When it comes to Canada, the first place that pops in our mind is usually Vancouver, Toronto, or the aurora city Yellowknife. Montreal, which lies on the east coast of Canada, may not be a common travel city among Hong Kong people, but the former French colony is scattered with arts and culture, not to mention the vibe of France resonating every minute, mixing the Canadian culture into a melting pot that drives millions of travellers visiting. The hidden reason of the cultural city Montreal is inside this music video — Expo 67 Canada.
Throughout the years of international event held in Montreal, but perhaps Expo67 — Montreal’s 1967 International and Universal Exposition — is the most remembered and successful project. As featured in the music video of ‘Dream Tonite’ by Alvvays, it is true that “Canada was at its coolest 50 years ago in Montreal at Expo67”. The retro visual in the MV marks the iconic World Fair ever with the magnificent architecture and spectacular metro that allures you to jump into the world right away.

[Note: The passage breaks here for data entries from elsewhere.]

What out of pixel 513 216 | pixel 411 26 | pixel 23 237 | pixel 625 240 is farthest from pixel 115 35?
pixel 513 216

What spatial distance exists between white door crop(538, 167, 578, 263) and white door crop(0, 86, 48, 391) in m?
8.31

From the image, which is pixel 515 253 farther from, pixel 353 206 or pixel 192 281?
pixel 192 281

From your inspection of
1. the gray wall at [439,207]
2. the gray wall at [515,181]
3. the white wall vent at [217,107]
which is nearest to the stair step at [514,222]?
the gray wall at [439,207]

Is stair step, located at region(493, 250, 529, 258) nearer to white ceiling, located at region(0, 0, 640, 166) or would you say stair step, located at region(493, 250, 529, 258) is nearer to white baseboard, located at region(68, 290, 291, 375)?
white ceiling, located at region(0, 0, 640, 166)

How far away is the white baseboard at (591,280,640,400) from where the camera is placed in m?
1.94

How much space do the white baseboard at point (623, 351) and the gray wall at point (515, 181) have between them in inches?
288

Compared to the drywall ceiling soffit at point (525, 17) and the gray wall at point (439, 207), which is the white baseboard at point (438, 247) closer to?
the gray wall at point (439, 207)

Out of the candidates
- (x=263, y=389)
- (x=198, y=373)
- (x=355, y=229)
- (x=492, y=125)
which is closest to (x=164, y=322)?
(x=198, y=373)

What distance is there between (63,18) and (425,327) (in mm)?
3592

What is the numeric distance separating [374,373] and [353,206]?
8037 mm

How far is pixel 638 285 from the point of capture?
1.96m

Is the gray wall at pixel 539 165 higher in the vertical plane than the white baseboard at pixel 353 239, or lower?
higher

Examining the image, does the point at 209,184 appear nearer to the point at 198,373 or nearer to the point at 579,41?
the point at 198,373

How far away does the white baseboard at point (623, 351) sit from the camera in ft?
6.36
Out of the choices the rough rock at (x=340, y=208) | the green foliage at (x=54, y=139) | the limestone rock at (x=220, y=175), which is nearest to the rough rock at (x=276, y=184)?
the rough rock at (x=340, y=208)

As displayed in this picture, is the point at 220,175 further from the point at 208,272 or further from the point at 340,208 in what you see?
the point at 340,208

The Biosphere (United States pavilion)
As one of the most splendid installations built in Expo 67, the United States pavilion showcased a number of objects representing American culture such as baseball bats and spaceships. The landmark had been reserved for various private hosting purposes. Yet, after a massive fire in 1967, the external skin was destroyed, though the inside remained intact. Today it houses an environmental museum. The shape of a geodesic dome is distinctive and directly related to the signature style of its creator, noted inventor and futurist Richard Buckminster Fuller.

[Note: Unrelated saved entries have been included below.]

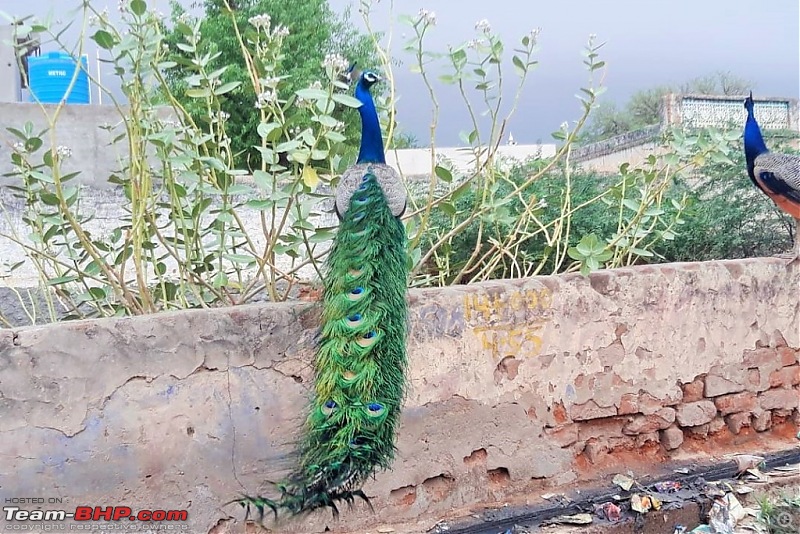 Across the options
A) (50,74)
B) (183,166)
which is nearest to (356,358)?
(183,166)

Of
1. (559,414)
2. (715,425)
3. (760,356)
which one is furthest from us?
(760,356)

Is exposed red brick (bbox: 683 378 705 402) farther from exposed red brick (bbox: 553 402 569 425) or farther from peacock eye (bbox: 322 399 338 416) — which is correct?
peacock eye (bbox: 322 399 338 416)

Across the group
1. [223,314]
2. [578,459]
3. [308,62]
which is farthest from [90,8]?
[308,62]

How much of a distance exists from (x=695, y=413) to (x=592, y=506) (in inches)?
37.7

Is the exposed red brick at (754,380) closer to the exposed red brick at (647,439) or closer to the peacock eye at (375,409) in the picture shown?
the exposed red brick at (647,439)

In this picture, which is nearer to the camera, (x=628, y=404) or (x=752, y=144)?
(x=628, y=404)

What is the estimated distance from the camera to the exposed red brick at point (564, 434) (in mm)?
A: 3547

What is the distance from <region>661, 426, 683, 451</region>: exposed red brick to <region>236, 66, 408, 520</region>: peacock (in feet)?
5.78

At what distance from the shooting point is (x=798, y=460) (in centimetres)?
403

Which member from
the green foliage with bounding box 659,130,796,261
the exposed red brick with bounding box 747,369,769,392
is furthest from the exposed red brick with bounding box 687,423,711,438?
the green foliage with bounding box 659,130,796,261

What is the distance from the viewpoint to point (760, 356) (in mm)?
4176

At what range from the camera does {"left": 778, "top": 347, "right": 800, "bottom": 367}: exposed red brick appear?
425 centimetres

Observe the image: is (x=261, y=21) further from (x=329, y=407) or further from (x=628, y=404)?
(x=628, y=404)

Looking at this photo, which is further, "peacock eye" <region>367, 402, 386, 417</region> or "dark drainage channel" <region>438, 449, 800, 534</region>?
"dark drainage channel" <region>438, 449, 800, 534</region> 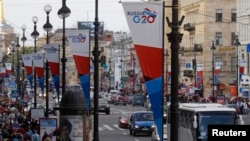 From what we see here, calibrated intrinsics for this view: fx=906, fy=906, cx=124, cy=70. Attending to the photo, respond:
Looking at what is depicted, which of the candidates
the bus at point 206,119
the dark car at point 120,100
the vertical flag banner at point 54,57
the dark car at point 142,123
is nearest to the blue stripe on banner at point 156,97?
the bus at point 206,119

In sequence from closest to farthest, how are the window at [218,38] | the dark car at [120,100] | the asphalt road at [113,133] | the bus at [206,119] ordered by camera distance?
the bus at [206,119] → the asphalt road at [113,133] → the dark car at [120,100] → the window at [218,38]

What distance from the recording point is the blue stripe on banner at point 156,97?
1852 centimetres

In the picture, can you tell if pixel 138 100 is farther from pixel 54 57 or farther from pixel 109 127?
pixel 54 57

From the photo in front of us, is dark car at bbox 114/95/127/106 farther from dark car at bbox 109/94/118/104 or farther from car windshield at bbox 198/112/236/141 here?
car windshield at bbox 198/112/236/141

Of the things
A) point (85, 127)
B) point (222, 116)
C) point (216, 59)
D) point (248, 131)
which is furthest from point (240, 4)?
point (248, 131)

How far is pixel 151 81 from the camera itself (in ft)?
60.7

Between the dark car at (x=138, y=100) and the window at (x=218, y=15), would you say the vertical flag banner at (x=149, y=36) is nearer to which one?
the dark car at (x=138, y=100)

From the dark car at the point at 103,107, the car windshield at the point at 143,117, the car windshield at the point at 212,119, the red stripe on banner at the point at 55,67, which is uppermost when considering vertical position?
the red stripe on banner at the point at 55,67

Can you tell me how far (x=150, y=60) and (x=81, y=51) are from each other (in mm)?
12698

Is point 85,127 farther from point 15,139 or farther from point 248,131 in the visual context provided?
point 248,131

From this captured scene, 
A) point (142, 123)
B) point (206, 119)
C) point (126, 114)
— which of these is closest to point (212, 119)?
point (206, 119)

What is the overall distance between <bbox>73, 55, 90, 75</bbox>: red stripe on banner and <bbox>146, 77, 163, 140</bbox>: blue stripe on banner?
12.1m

Habitat 67 was the revolutionary housing complex at Expo 67, marking the architecture legacy of Canada. The idea of affordable and urban housing is showcased via this famed architecture. It consists of 354 individual and identical concrete blocks that are assembled to form 3 interconnected pyramids, 12 floors and 146 independent units (each made up of 1 to 5 blocks). Windows are oriented on three sides and each unit has a sizable outdoor terrace. Though the apartments had been put up for rent, it later was marked as historic monument by the Quebec government.
Pavilion of France
Once the largest building on the grounds of Expo 67, the nine story French Pavilion is now home to the Montreal Casino. The architecture featured aluminum sunbreaker strips, providing an attractive sculpture effect” and “a steel arrow.” A picture would be nice. Not to mention some entertainment inside the Casino, what’re you waiting for?

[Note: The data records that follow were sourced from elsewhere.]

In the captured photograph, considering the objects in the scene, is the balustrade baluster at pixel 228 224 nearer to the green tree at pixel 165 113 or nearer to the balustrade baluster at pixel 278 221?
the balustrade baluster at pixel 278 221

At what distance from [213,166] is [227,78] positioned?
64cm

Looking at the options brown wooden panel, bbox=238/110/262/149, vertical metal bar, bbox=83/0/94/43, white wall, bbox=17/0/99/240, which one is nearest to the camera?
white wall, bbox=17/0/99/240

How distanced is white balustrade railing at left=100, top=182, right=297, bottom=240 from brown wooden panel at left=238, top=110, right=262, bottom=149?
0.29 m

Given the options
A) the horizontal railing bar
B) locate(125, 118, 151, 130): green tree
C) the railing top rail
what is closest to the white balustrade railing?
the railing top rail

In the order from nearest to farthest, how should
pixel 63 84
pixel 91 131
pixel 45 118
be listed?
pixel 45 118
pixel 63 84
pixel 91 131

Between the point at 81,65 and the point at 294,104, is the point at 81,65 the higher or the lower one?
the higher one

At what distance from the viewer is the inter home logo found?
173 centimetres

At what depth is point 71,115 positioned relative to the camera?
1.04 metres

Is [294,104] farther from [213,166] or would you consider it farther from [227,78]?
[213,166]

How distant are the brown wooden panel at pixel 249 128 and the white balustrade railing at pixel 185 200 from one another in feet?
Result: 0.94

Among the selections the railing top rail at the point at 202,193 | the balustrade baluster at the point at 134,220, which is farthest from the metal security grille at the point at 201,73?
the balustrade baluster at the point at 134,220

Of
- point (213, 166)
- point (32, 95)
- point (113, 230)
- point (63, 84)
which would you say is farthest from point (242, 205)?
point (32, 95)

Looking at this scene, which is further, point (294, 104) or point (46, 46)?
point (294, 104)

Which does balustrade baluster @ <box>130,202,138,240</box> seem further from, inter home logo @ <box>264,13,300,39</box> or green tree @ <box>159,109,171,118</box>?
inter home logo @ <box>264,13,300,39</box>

The national pavilion features an inverted pyramid. The attraction had its highest single-day attendance on Canada Day, 1967. Later the pavilion turns to a special event and banquet hall — La Toundra Hall — it is located at the heart of the stunning Floralies Gardens. Though ideal for special reservation, tourist can still walk at the outside of the hall in appreciation of the glorious architecture.
Alex Calder’s Man, Three Disks
This monumental yet abstract sculpture created by mobile sculptor Alexander Calder was actually a present from the International Nickel Company for Expo 67. ‘Alex Calder’s Man’ still stands at the old site of Expo 67, though it’s now called Parc Jean-Drapeau. Parc Jean-Drapeau, the once site of Expo 67, has quite a lot of remains of the architecture at that time. This attraction can simply not be missed!